The iterative version is more efficient (no function call overhead) and won't risk stack overflow. However, recursive solutions can be clearer and more intuitive for problems that naturally divide into similar subproblems.

When to Use Recursion

Recursion is a good choice when:

• The problem naturally divides into similar subproblems
• The recursive solution is significantly simpler and clearer
• Recursion depth is limited and predictable
• The code section is not performance-critical
• The iterative solution would require manually managing a stack

Best practice

Generally favor iteration over recursion, except when recursion really makes sense.

Summary

Recursive functions: Functions that call themselves during execution. They break complex problems into simpler, similar subproblems.

Termination condition (base case): Essential condition that stops recursion. Without it, the function recurses infinitely until stack overflow crashes the program.

Call stack visualization: During recursion, each function call is "wound" onto the stack. After the base case is reached, calls "unwind" in reverse order as each function returns.

Computing with recursion: Recursive functions can calculate and return values by combining the current value with the result of the recursive call. Examples include factorial, power calculations, and triangle numbers.
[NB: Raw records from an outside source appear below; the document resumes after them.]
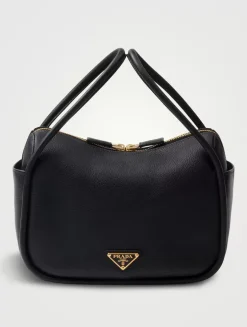 Prada Darling Leather Handbag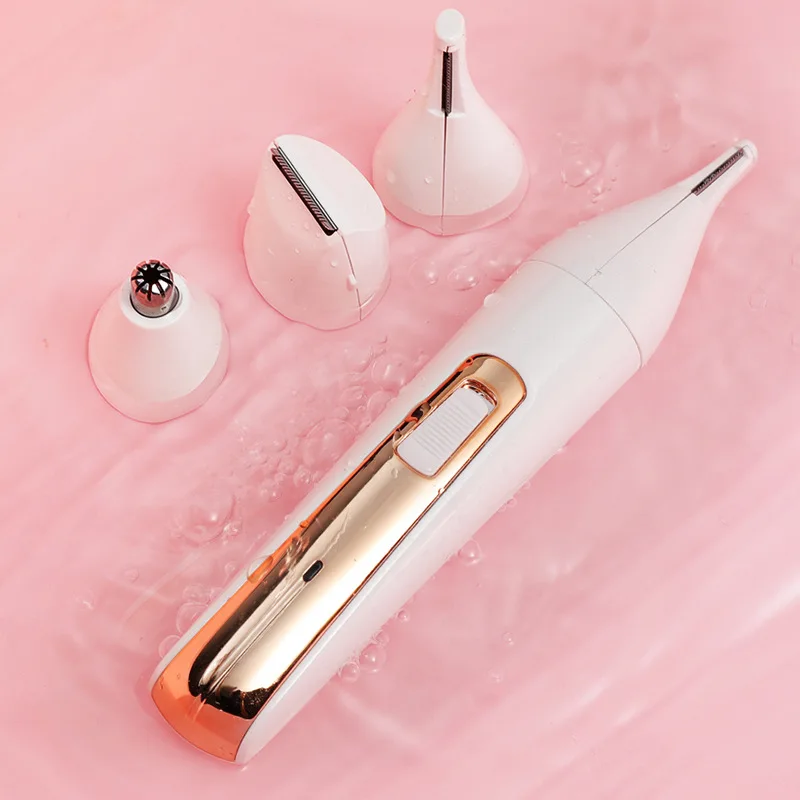 

Многофункциональная электробритва для женщин, инструмент для удаления волос, профессиональная Бритва для всего тела, бритва для бровей, ск...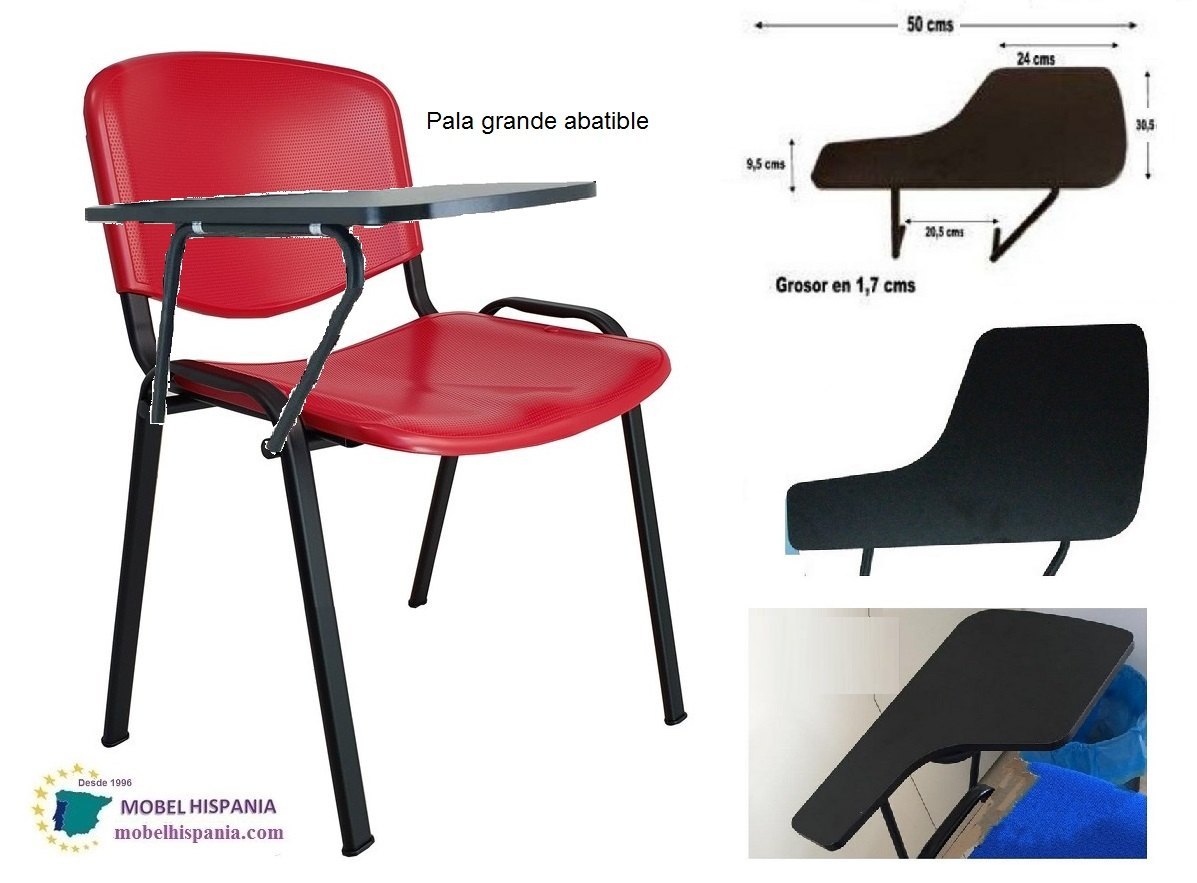 fissa polipropileno rojo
Memoization: Optimization technique that caches previously calculated results to avoid redundant computations. Uses a static container to store results indexed by input values.

Recursion vs iteration: Any recursive algorithm can be written iteratively using loops. Iteration is generally more efficient (no function call overhead, no stack overflow risk) but recursion can be clearer for naturally recursive problems.

When to use recursion:

• Problem naturally divides into similar subproblems
• Recursive solution is significantly simpler and clearer
• Recursion depth is limited and predictable
• Not performance-critical code
• Iterative solution would require manual stack management

Best practice: Generally favor iteration over recursion except when recursion provides clear advantages in readability or simplicity.

Recursion is a powerful technique for solving problems that have recursive structure, but should be used judiciously considering performance implications and stack depth limitations.